Re: Semantics of "-cpu host" (was Re: [Qemu-devel] [PATCH 2/2] Expose tsc deadline timer cpuid to guest)

Eduardo Habkost <ehabkost@xxxxxxxxxx> · Thu, 10 May 2012 11:12:55 -0300

On Thu, May 10, 2012 at 04:39:45PM +0300, Gleb Natapov wrote:
> On Thu, May 10, 2012 at 03:21:41PM +0200, Alexander Graf wrote:
> > On 05/10/2012 02:53 PM, Gleb Natapov wrote:
> > >On Wed, May 09, 2012 at 04:38:02PM -0300, Eduardo Habkost wrote:
> > >>On Wed, May 09, 2012 at 12:38:37PM +0300, Gleb Natapov wrote:
> > >>>On Wed, May 09, 2012 at 11:05:58AM +0200, Alexander Graf wrote:
> > >>>>On 09.05.2012, at 10:51, Gleb Natapov wrote:
> > >>>>
> > >>>>>On Wed, May 09, 2012 at 10:42:26AM +0200, Alexander Graf wrote:
> > >>>>>>
> > >>>>>>On 09.05.2012, at 10:14, Gleb Natapov<gleb@xxxxxxxxxx>  wrote:
> > >>>>>>
> > >>>>>>>On Wed, May 09, 2012 at 12:07:04AM +0200, Alexander Graf wrote:
> > >>>>>>>>On 08.05.2012, at 22:14, Eduardo Habkost wrote:
> > >>>>>>>>
> > >>>>>>>>>On Tue, May 08, 2012 at 02:58:11AM +0200, Alexander Graf wrote:
> > >>>>>>>>>>On 07.05.2012, at 20:21, Eduardo Habkost wrote:
> > >>>>>>>>>>
> > >>>>>>>>>>>Andre? Are you able to help to answer the question below?
> > >>>>>>>>>>>
> > >>>>>>>>>>>I would like to clarify what's the expected behavior of "-cpu host" to
> > >>>>>>>>>>>be able to continue working on it. I believe the code will need to be
> > >>>>>>>>>>>fixed on either case, but first we need to figure out what are the
> > >>>>>>>>>>>expectations/requirements, to know _which_ changes will be needed.
> > >>>>>>>>>>>
> > >>>>>>>>>>>
> > >>>>>>>>>>>On Tue, Apr 24, 2012 at 02:19:25PM -0300, Eduardo Habkost wrote:
> > >>>>>>>>>>>>(CCing Andre Przywara, in case he can help to clarify what's the
> > >>>>>>>>>>>>expected meaning of "-cpu host")
> > >>>>>>>>>>>>
> > >>>>>>>>>>>[...]
> > >>>>>>>>>>>>I am not sure I understand what you are proposing. Let me explain the
> > >>>>>>>>>>>>use case I am thinking about:
> > >>>>>>>>>>>>
> > >>>>>>>>>>>>- Feature FOO is of type (A) (e.g. just a new instruction set that
> > >>>>>>>>>>>>doesn't require additional userspace support)
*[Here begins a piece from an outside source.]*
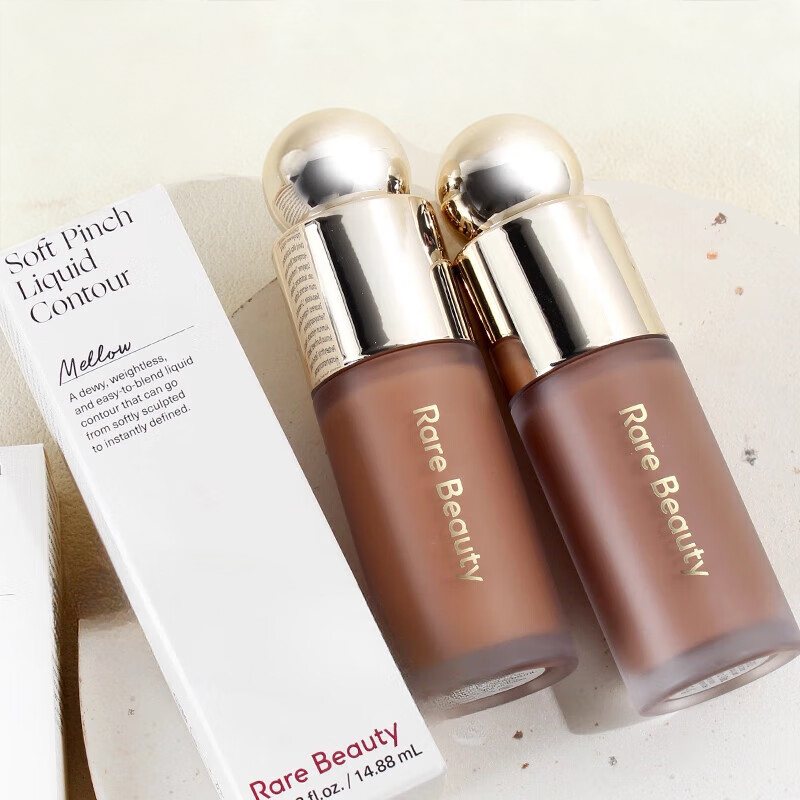 Huda Beauty Makeup Set - Płynny bronzer do konturowania twarzy 3D,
> > >>>>>>>>>>>>- User has a Qemu vesion that doesn't know anything about feature FOO
> > >>>>>>>>>>>>- User gets a new CPU that supports feature FOO
> > >>>>>>>>>>>>- User gets a new kernel that supports feature FOO (i.e. has FOO in
> > >>>>>>>>>>>>GET_SUPPORTED_CPUID)
> > >>>>>>>>>>>>- User does _not_ upgrade Qemu.
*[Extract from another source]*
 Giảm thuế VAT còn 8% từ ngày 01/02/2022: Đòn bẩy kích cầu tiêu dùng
> > >>>>>>>>>>>>- User expects to get feature FOO enabled if using "-cpu host", without
> > >>>>>>>>>>>>upgrading Qemu.
> > >>>>>>>>>>>>
> > >>>>>>>>>>>>The problem here is: to support the above use-case, userspace need a
> > >>>>>>>>>>>>probing mechanism that can differentiate _new_ (previously unknown)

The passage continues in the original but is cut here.